Saved data entries
※ ※ ※

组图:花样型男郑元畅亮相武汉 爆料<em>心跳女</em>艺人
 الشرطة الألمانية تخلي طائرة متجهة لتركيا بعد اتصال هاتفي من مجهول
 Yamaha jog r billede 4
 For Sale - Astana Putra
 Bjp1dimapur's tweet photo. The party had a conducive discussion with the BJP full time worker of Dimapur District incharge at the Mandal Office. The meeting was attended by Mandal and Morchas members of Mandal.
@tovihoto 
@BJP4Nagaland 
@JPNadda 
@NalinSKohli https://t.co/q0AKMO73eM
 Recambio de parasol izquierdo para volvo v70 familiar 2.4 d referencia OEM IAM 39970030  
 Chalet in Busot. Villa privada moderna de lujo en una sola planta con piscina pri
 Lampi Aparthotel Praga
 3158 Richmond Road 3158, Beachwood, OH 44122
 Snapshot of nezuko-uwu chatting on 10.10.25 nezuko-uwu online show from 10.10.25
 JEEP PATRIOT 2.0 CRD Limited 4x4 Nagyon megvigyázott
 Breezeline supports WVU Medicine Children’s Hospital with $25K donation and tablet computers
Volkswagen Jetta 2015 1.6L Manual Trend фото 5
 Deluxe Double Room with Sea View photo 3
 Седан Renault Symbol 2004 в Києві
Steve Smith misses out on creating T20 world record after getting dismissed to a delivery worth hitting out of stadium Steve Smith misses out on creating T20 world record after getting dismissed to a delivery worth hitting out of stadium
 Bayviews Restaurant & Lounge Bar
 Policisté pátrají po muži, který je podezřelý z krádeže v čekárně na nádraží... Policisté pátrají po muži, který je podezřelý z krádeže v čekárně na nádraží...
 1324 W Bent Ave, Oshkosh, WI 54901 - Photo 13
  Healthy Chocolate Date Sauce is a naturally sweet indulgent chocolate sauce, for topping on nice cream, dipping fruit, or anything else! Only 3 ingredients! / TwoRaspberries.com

※ ※ ※

• Task to carry out:
All the lines above need to be retyped exactly, with nothing left out.

• Solution:
组图:花样型男郑元畅亮相武汉 爆料<em>心跳女</em>艺人
 الشرطة الألمانية تخلي طائرة متجهة لتركيا بعد اتصال هاتفي من مجهول
 Yamaha jog r billede 4
 For Sale - Astana Putra
 Bjp1dimapur's tweet photo. The party had a conducive discussion with the BJP full time worker of Dimapur District incharge at the Mandal Office. The meeting was attended by Mandal and Morchas members of Mandal.
@tovihoto 
@BJP4Nagaland 
@JPNadda 
@NalinSKohli https://t.co/q0AKMO73eM
 Recambio de parasol izquierdo para volvo v70 familiar 2.4 d referencia OEM IAM 39970030  
 Chalet in Busot. Villa privada moderna de lujo en una sola planta con piscina pri
 Lampi Aparthotel Praga
 3158 Richmond Road 3158, Beachwood, OH 44122
 Snapshot of nezuko-uwu chatting on 10.10.25 nezuko-uwu online show from 10.10.25
 JEEP PATRIOT 2.0 CRD Limited 4x4 Nagyon megvigyázott
 Breezeline supports WVU Medicine Children’s Hospital with $25K donation and tablet computers
Volkswagen Jetta 2015 1.6L Manual Trend фото 5
 Deluxe Double Room with Sea View photo 3
 Седан Renault Symbol 2004 в Києві
Steve Smith misses out on creating T20 world record after getting dismissed to a delivery worth hitting out of stadium Steve Smith misses out on creating T20 world record after getting dismissed to a delivery worth hitting out of stadium
 Bayviews Restaurant & Lounge Bar
 Policisté pátrají po muži, který je podezřelý z krádeže v čekárně na nádraží... Policisté pátrají po muži, který je podezřelý z krádeže v čekárně na nádraží...
 1324 W Bent Ave, Oshkosh, WI 54901 - Photo 13
  Healthy Chocolate Date Sauce is a naturally sweet indulgent chocolate sauce, for topping on nice cream, dipping fruit, or anything else! Only 3 ingredients! / TwoRaspberries.com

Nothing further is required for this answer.